Clara H. Bangs et al. v. John J. Brown et al.

Filed at Ottawa

January 22, 1885.

1. Partition—allowance for board and care of the common ancestor, as against the other heirs. The owner of a lot of ground conveyed the same, in 1854, by his deed, directly to his wife, and died in the same year. His heirs never questioned the conveyance during their mother’s lifetime. She died in 1881. Prior to her death one of her daughters and her husband occupied the residence on the premises, and continued such occupancy until after the mother’s death. A bill for partition by the other heirs against such daughter sought to have her interest charged with the rents of the premises, and she filed a cross-bill asking for compensation for boarding, nursing and taking care of her mother, and that it be made a charge on the lot as against the other heirs. The proof showed that the rent of the dwelling house was a fair compensation for the board and care of the mother, and the court, in addition to the rent of the premises, allowed the daughter $100 for extra care of the mother in her sickness: Held, that the decree was reasonable and fair.

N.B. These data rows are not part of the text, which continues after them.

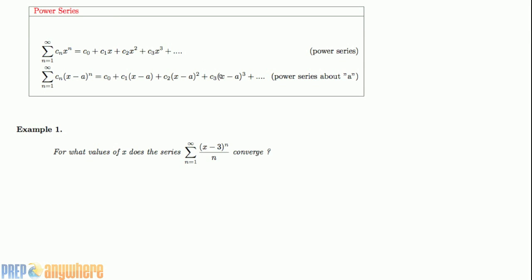Power series are essentially polynomials added up in a certain pattern, so we can write them in the form of Sigma. This is a standard power series, but if you have arbitrary constants multiplied by x minus a, we say this is a power series about the number a, or centered about a.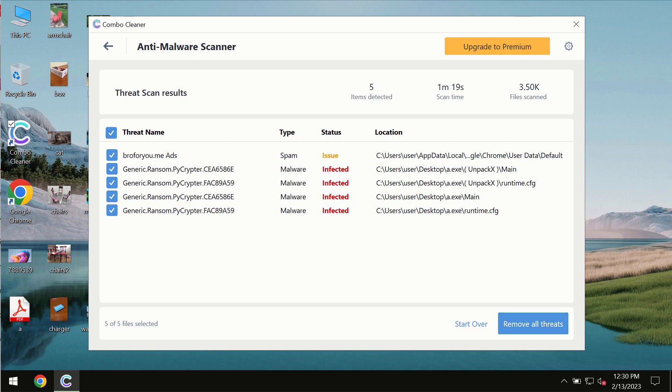I recommend that you consider upgrading to premium license as the best solution to keep your computer always clean and free of any other threats.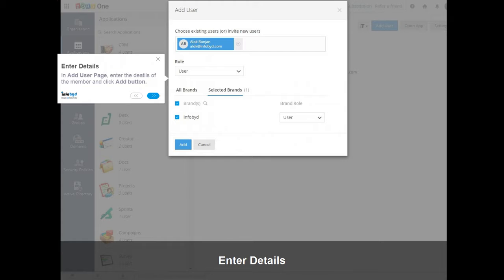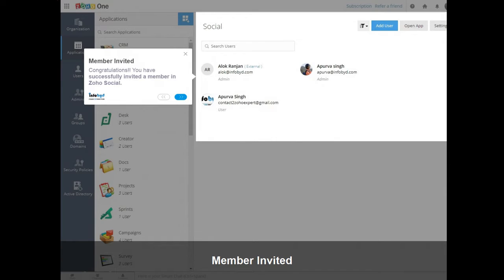In the user page, enter the details of the member and click the Add button. Congratulations! You have successfully invited a member in Zoho Social.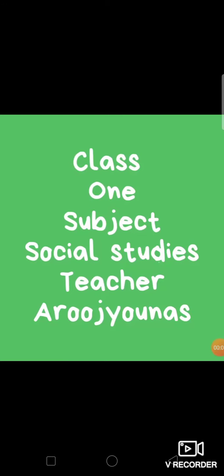Good morning and Assalamu Alaikum, Class One. I hope you all are doing well, enjoying good health and learning at home. I am your Social Studies teacher, Aruj Yunas.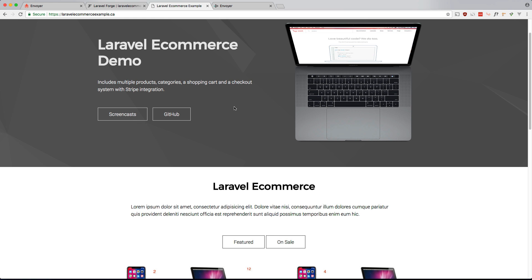So there you have it guys, we managed to use Laravel Envoyer to have zero downtime deployments for our application. In the next video I will show you how I manage staging and production environments using Envoyer as well. So I hope to see you there. Thanks for watching. Comment, like, and subscribe if you haven't already done so. See you guys in the next one.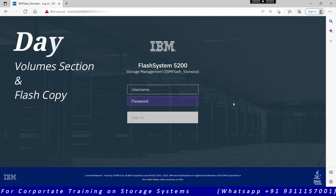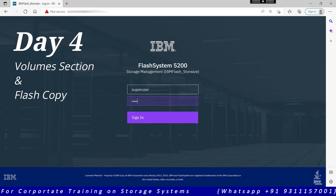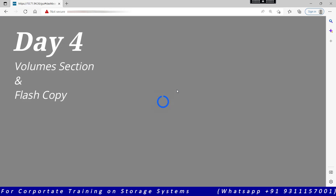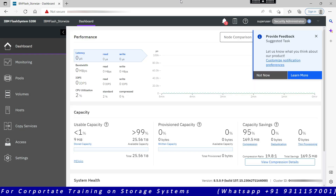Hello everyone, welcome to Day 4 of the IBM Flash System training. We have already covered the dashboard monitoring and pool section in the previous training sessions. Today we will discuss the volume section. We are using the IBM Flash System FS 5200, and the GUI interface will be the same across all IBM Flash System products such as Flash System 5000, 7000, 9000 family, SVC, V9000, or V7000. Let's get started — entering the IP address will take us to the home page, which is the dashboard.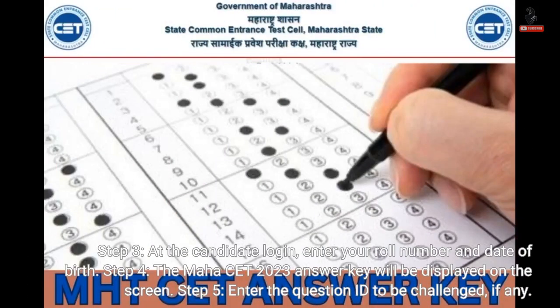Step 3: At the candidate login, enter your roll number and date of birth. Step 4: The MHT-CET 2023 answer key will be displayed on the screen.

2. Same—as to rents received by one holding under the owner of equitable title. Where a husband, in 1854, shortly before his death conveyed certain lots directly to his wife, which conveyance, although void at law, was never assailed or sought to be set aside by any of the heirs, and the widow, in 1865, let one of the heirs (her son) into possession of one of the lots, who continued to hold such possession and collect and receive the rents until in 1879, when he acquired the entire interest in the same, it was held, on bill for the partition of another lot after the death of the widow, in 1881, that the widow was entitled to the rents of the first named lot, and might give them to whom she pleased, and that the son so receiving such rents was not legally chargeable with them in the partition suit as to the other lot. ¡

3. Conveyance from husband to wife—ripening into an equitable title by acquiescence. Although a déed of land made by a husband in 1854, just before his death, to his wife, is void at law, yet if all the heirs acquiesce in such conveyance during the grantee’s lifetime, and take no steps to have it set aside, it may be regarded and allowed to stand as an equitable disposition of the property, and the widow will be entitled to receive the rents and profits, and dispose of them as she chooses.

Writ of Error to the Superior Court of Cook county; the Hon. George Gardner, Judge, presiding.

*81Mr. M. Millard, for the plaintiffs in error:

At common law a deed from a husband to his wife for all his property is void, even in equity. Beard v. Beard, 3 Atk. 72; 2 Story’s Eq. Jur. 1374; Shepard v. Shepard, 4 Johns. Ch. 57; Coates v. .Gerlach, 44 Pa. 43; Fowler v. Trebein, 16 Ohio St. 493; Wells v. Wells, 35 Miss. 665; Crookev. Crooks, 34 Ohio St. 610; Whitcomb v. Sutherland, 18 Ill. 578; Manny v. Rixford, 44 id. 129; Newman v. Willets, 48 id. 545; Pike v. Baker, 51 id. 164.

Equity will only sustain a deed from husband to wife when it appears to do otherwise would work an injustice. Dale v. Lincoln, 62 Ill. 23.

Before a court will maintain a deed from husband to wife, equity must be manifest. Loomis v. Brush, 36 Mich. 45; Aultman v. Obermeyer, 6 Neb. 260; Schouler on Husband and Wife, sec. 397.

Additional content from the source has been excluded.